The New York Times has a piece which is a must read, Lucrative Fees May Deter Efforts to Alter Loans :
Many mortgage companies are reluctant to give strapped homeowners a break because the companies collect lucrative fees on delinquent loans.
Even when borrowers stop paying, mortgage companies that service the loans collect fees out of the proceeds when homes are ultimately sold in foreclosure. So the longer borrowers remain delinquent, the greater the opportunities for these mortgage companies to extract revenue — fees for insurance, appraisals, title searches and legal services.

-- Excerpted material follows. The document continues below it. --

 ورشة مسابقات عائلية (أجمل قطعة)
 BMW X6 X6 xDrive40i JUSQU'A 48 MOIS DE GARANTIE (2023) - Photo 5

The Boston Fed found (testimony, pdf):
only about 3 percent of the seriously delinquent borrowers in our sample received payment reducing loan modifications in the year subsequent to their first 60-day delinquency
and this quote is astounding, it's more profitable to have homeowners get into big financial trouble:
When borrowers fall behind, mortgage companies typically collect late fees reaching 6 percent of the monthly payments.
“For many subprime servicers, late fees alone constitute a significant fraction of their total income and profit,” said Diane E. Thompson, a lawyer for the National Consumer Law Center, in testimony to the Senate Banking Committee this month. “Servicers thus have an incentive to push homeowners into late payments and keep them there: if the loan pays late, the servicer is more likely to profit.”
She cited Ocwen Financial, which reported that nearly 12 percent of its income in 2007 came from fees to borrowers.
Now explain to me again how we do not need a Consumer Financial Protection Agency?